5) Is there any non specific binding observed when the no primary control is run?
6) Test Sample Preparation. The cells for testing this Ab were snap frozen before storage, this may be an important step. Total cellular proteins were isolated by suspending the cells in 10 vol of 1x Laemmli sample buffer (0.062 M Tris/HCl, pH 6.8, 5% glycerol, 2% SDS) and then sonicating the cell lysate on ice. Protein was estimated using a Bio-Rad DC Protein Assay Kit. Lysates were flash frozen in liquid nitrogen and stored at –80 °C.
7) When testing this Ab HeLa cells were stimulated with 1x10-7 M TPA stimulated (2h). You could also run your non stimulated samples against samples stimulated with TPA. The originator of the product states that they received one clean band in HeLa cells.
If you are still experiencing trouble then please get back in touch with me. I have cut and pasted the protocol used to test this product below.
"Test Sample Preparation: Total cellular proteins were isolated by suspending the cells in 10 vol of 1x Laemmli sample buffer (0.062 M Tris/HCl, pH 6.8, 5% glycerol, 2% SDS) and then sonicating the cell lysate on ice. Protein was estimated using a Bio-Rad DC Protein Assay Kit. Lysates were flash frozen in liquid nitrogen and stored at –80 °C.

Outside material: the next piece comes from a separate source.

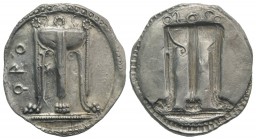 Bruttium, Kroton, c. 530-500 BC. AR Stater (30mm, 7.45g, 12h). Tripod, legs terminating in lion's feet, serpents rising from bowl. R/ Incuse tripod as...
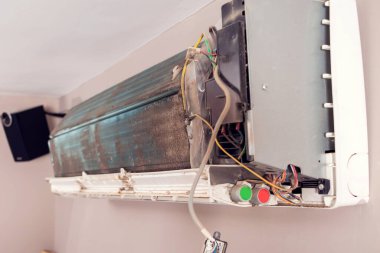 Temizlikten önce toz dolu bir klima.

Gel Conditions: ß-Mercaptoethanol and bromophenol blue tracking dye was added to a final concentration of 1% and 5 ug/ml, respectively. Total cellular protein (20 ug/lane) was separated by discontinuous SDS PAGE (mini gels) using an 8% separating gel and a 5% stacking gel.

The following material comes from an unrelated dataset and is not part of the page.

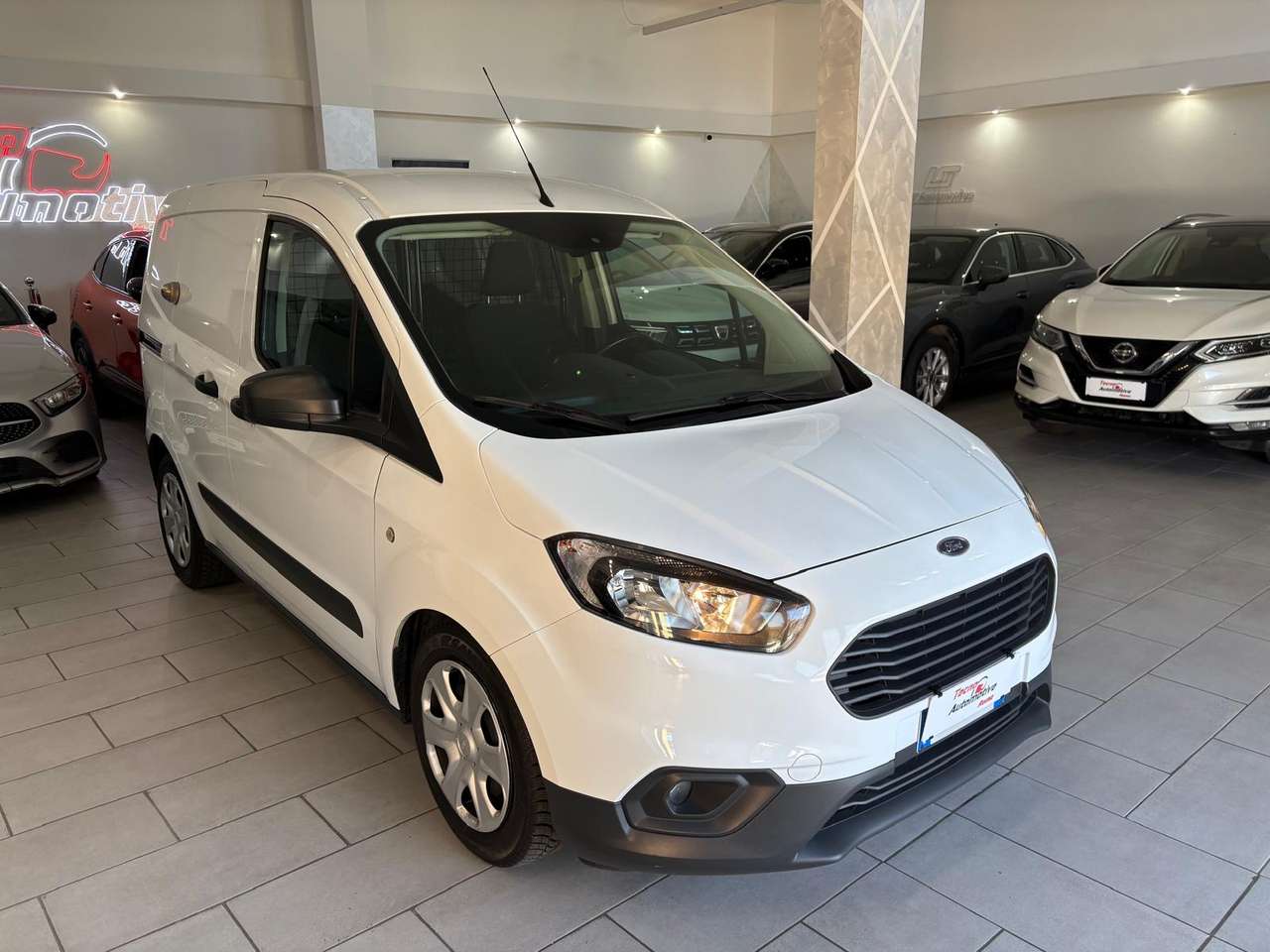 Ford Transit Courier 1.5 Tdci Trend 100cv + IVA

Transfer Conditions: Proteins were transferred to nitrocellulose (BA 85, S & S) using a Gelman semidry transfer unit (Transfer buffer: Tris-base 48 mM, glycine-HCl 39 mM, SDS 1.3 mM, methanol 20%, pH 9.2) and stained with Ponceau S to confirm uniformity of transfer.
Blocking Solution & Duration: 5% non fat dry milk and 0.02% merthiolate in PBS (phosphate-buffered saline), overnight at 4 °C, gentle shaking.

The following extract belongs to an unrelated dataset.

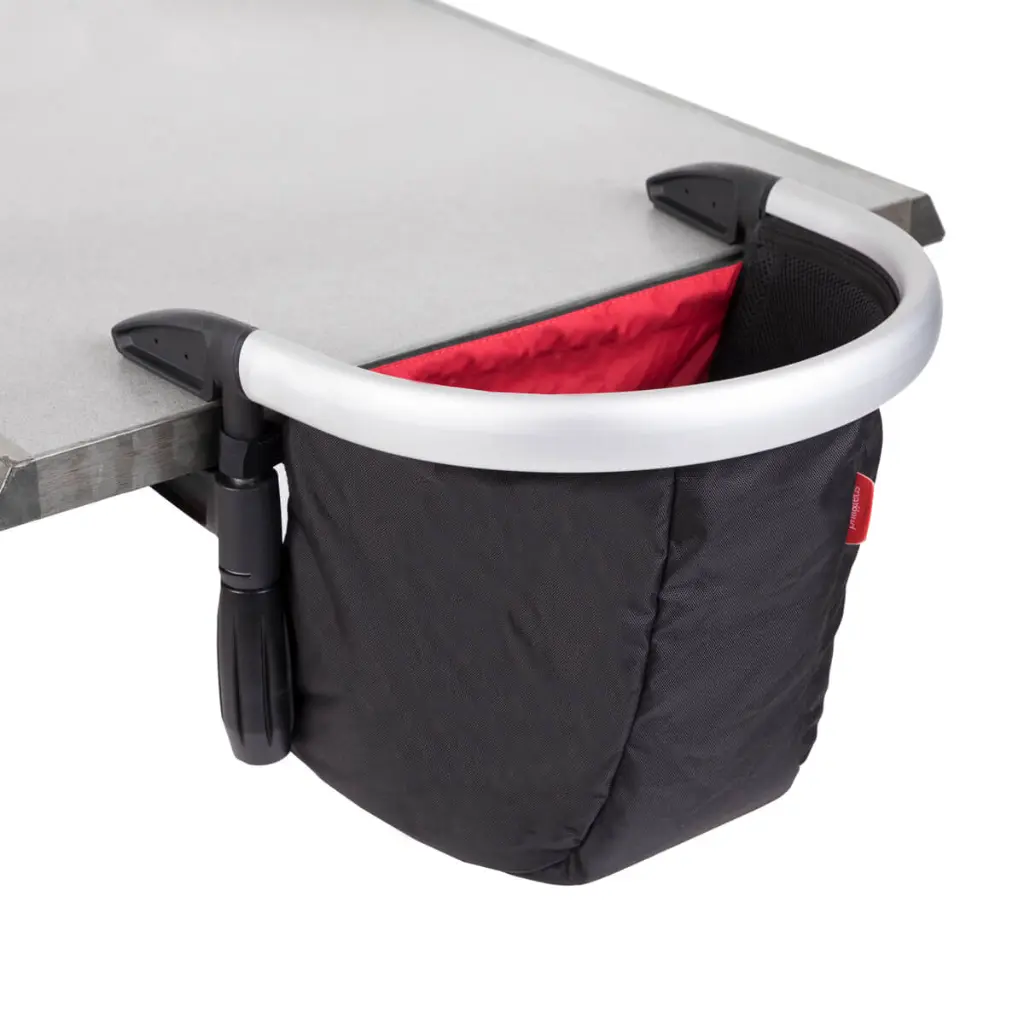 phil&teds-lobster-high-chair-is-comfortable-and-portable.webp
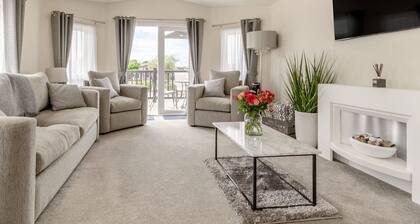 The Cotswold Holiday Lodge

Primary Antibody Incubation Time & Temperature: 2 h at room temperature.
Wash Solution Composition, Repetitions & Time: Washed in PBS/T, 6 changes over 1 h, vigorous shaking.
Secondary Antibody: Used HRP-labelled goat anti-rabbit IgG (H + L) 1:5000
Secondary Antibody Incubation Time and Temperature: 1 h at room temperature.
Wash Solution Composition, Repetitions & Times: Washed in PBS/T, 6 changes over 1 h, vigorous shaking. Detection system Amersham ECL kit. Used Amersham Hyperfilm-MP.
Molecular weight of band that is seen: Reported apparent molecular weight ~46 kDa. There is no Fra2 specific signal when using NIH 3T3 cell extracts. There appears to be a Fra2 specific band at ~52 kDa when using HeLa cell extracts. This is the only protein detected by this Ab, and due to its slower migration, it could represent a phosphorylated form of Fra2.
Species, Tissues and Cell Lines Tested: 20% Serum stimulated (2h) mouse NIH 3t3 and 1x10-7 M TPA stimulated (2h) human HeLa cells.
Conclusions and Impressions: Supershift analysis 10/20/95 showed that Fra2 was unable to supershift protein/DNA complexes formed when using NIH 3T3 or HeLa cell nuclear extracts and AP-1 sites. There appears to be a Fra2 specific band at ~52 kDa. This is the only protein detected by this Ab and represents a phosphorylated form of Fra2".